墓参り

 この所、墓参りに行っていない。
 私は生まれてから、三人の墓を目にしたことがある。一つは父方の祖父と祖母、二つ目は母方の祖父だ。幼少の頃、父方の祖父を亡くしてから、私は初めて墓参りに行った。
 墓参りには、父、母、姉、兄、私の家族五人全員で行き、お供えものは果物が入ったバスケットを持って行った。花束も買っていたかもしれないが、私が覚えていないのは、その果物が美味しそうで、帰って食べることを楽しみにしていたためだろう。
 幼少の私はその道具について知ることがなかったが、墓園では手桶と柄杓といった水をすくう道具を借りることができて、またブラシも置かれていた。側には水場があり、手桶に水を貯めて墓に向かうのが恒例だった。
 祖父と祖母の墓に付いたら、手桶の水を柄杓ですくい墓に水を掛ける。墓参りといえばお盆のため、太陽は眩しく、気温は熱く、水の温度は肌で感じれるほど涼やかだった。水を掛けるまで、墓石は熱く、蒸発して音が鳴ることもあった。私たち子供は、まだいちばん上の長女でも小学校中学年だったため「熱いね〜」と賑やかに騒いでいた。ブラシで磨く際、末っ子で特に小さかった私は「届く?」と、墓の頭を指されて、よく背伸びをしていた。
 墓が綺麗になると、果物のバスケットをお供えして、線香を上げる。火を付けたほうを左向きにお供えする。手を合わせて、合掌し、墓参りは終わる。私はこの時間を少しばかり気に入っていた。家族全員揃っていること、協力すること、綺麗に掃除すること、穏やかに流れつつも、少しばかり煤けた寂寞とした空気。笑顔で行き、笑顔で帰るのに、合掌するときだけは誰もが心を鎮めている。
 私にとって、それは優しかった。
 祖母のことを私は知らない。私が生まれた頃に亡くなったからだ。祖父についても、それほど回数会わないうちに亡くなったため、多くの記憶を持ち合わせていなかった。私が見る祖父は、いつも静かでどこか不機嫌そうだった。亡くなる間際だったからかもしれない。最後の記憶は、母方の家族も含めて親戚で集まり食事をしたことだ。その次に見たのは、棺に入っていたときで、私はそこで初めて父親の泣き声を聞いた。酷く恐ろしかった。世界が揺らぐような感覚で、私は周りを確かめながら、そっと静かにしていた。

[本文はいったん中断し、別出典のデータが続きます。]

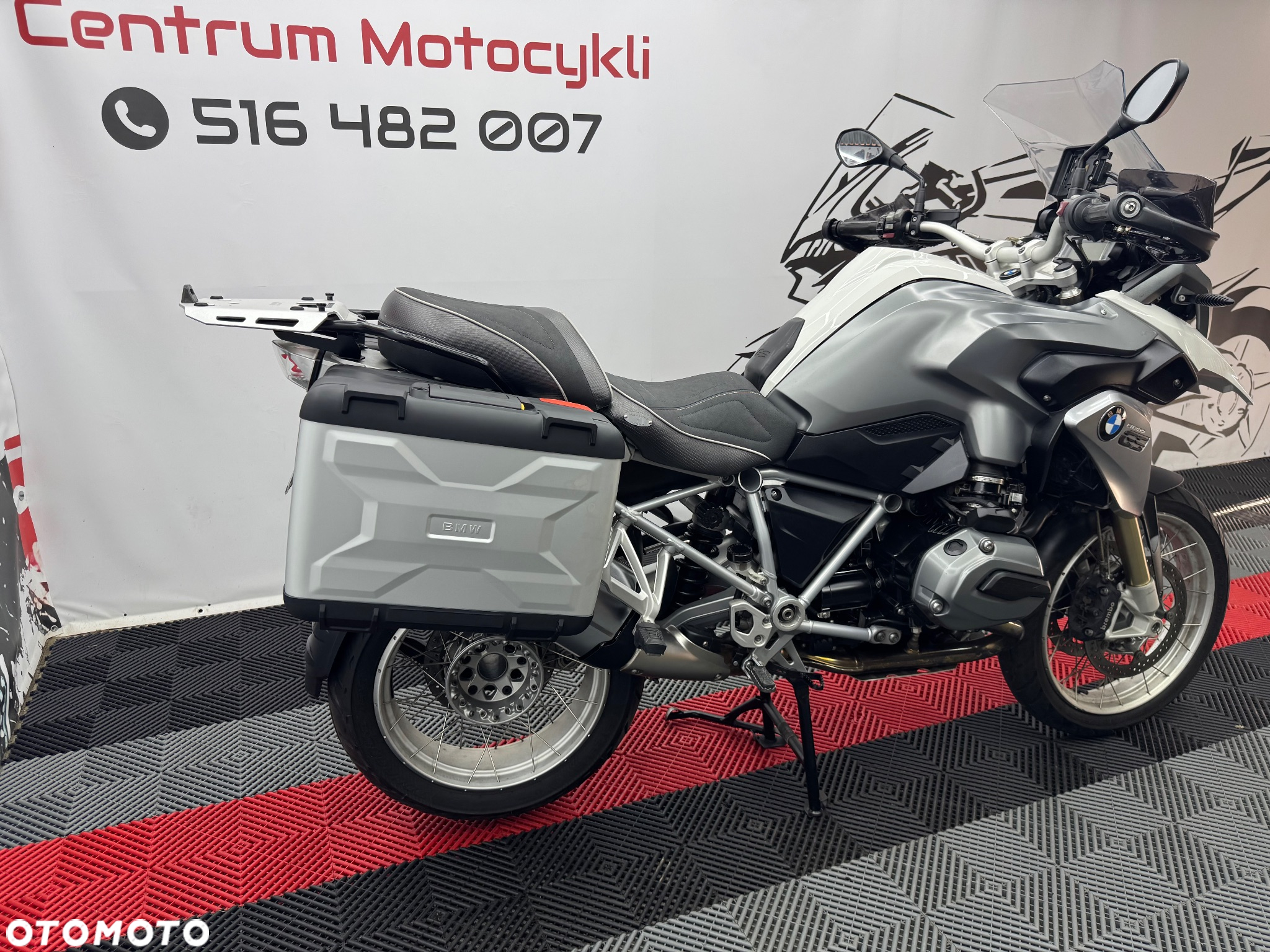 BMW R - 4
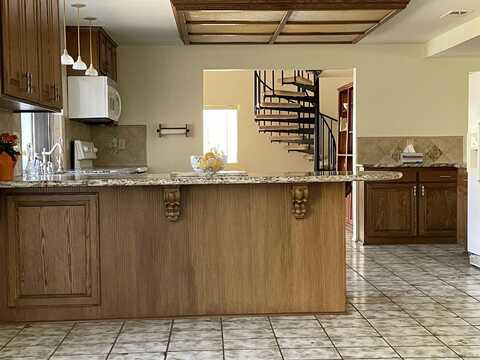 4375 Calle De Vida, San Diego, CA 92124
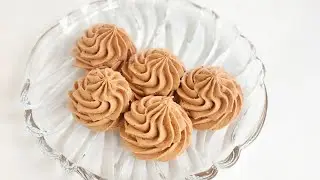 گاناش مونته بادام _ کرم لطیف با طعم بی‌نظیر مناسب برای فیلینگ کیک و خامه کشی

 あの場の空気は悲しみに満ちていたが、墓参りは違った。全てを洗い流して、残るものは煤だけ。あれは、苦しみではなく、解放だった。別れを告げて、次に向かう。明日を探す旅時。私たちは生きている。いつか解放されるときが、旅の終焉なら、いまは恐らく旅の途中だった。
 話は冒頭に戻るが、この所、墓参りに行っていない。墓参りに行くと、家族は円満になるというが、実際は、家族が円満な家に墓参りに行く余裕がある。私は墓参りに行っていないことを時々気に掛けるが、いまは呼ばれている気がしないので良しとしている。死者はきっと優しいだろうから。